◆ What you need to do
In the listing below, print exactly the lines between the line holding "Asanoha pre-printed sashiko" and the line holding "Boss Office Products", inclusive, and no more.

◆ Raw data
+ + + +

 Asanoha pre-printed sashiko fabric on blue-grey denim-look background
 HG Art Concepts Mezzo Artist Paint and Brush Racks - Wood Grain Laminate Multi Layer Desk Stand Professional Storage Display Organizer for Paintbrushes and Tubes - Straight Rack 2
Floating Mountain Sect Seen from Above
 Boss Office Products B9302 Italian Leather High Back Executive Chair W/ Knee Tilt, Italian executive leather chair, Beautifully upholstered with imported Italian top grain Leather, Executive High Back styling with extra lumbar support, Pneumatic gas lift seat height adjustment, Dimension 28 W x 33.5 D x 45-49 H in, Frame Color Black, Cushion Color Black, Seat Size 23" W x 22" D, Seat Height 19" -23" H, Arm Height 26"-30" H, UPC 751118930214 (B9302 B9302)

+ + + +

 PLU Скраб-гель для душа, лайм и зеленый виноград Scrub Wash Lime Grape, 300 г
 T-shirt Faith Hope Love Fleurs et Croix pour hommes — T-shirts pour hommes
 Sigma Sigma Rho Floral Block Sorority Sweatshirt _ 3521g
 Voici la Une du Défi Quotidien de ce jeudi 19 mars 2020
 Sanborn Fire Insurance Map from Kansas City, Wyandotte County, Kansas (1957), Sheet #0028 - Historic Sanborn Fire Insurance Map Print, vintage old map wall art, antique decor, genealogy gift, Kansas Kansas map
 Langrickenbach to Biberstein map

+ + + +

◆ Reply to the exercise
 Asanoha pre-printed sashiko fabric on blue-grey denim-look background
 HG Art Concepts Mezzo Artist Paint and Brush Racks - Wood Grain Laminate Multi Layer Desk Stand Professional Storage Display Organizer for Paintbrushes and Tubes - Straight Rack 2
Floating Mountain Sect Seen from Above
 Boss Office Products B9302 Italian Leather High Back Executive Chair W/ Knee Tilt, Italian executive leather chair, Beautifully upholstered with imported Italian top grain Leather, Executive High Back styling with extra lumbar support, Pneumatic gas lift seat height adjustment, Dimension 28 W x 33.5 D x 45-49 H in, Frame Color Black, Cushion Color Black, Seat Size 23" W x 22" D, Seat Height 19" -23" H, Arm Height 26"-30" H, UPC 751118930214 (B9302 B9302)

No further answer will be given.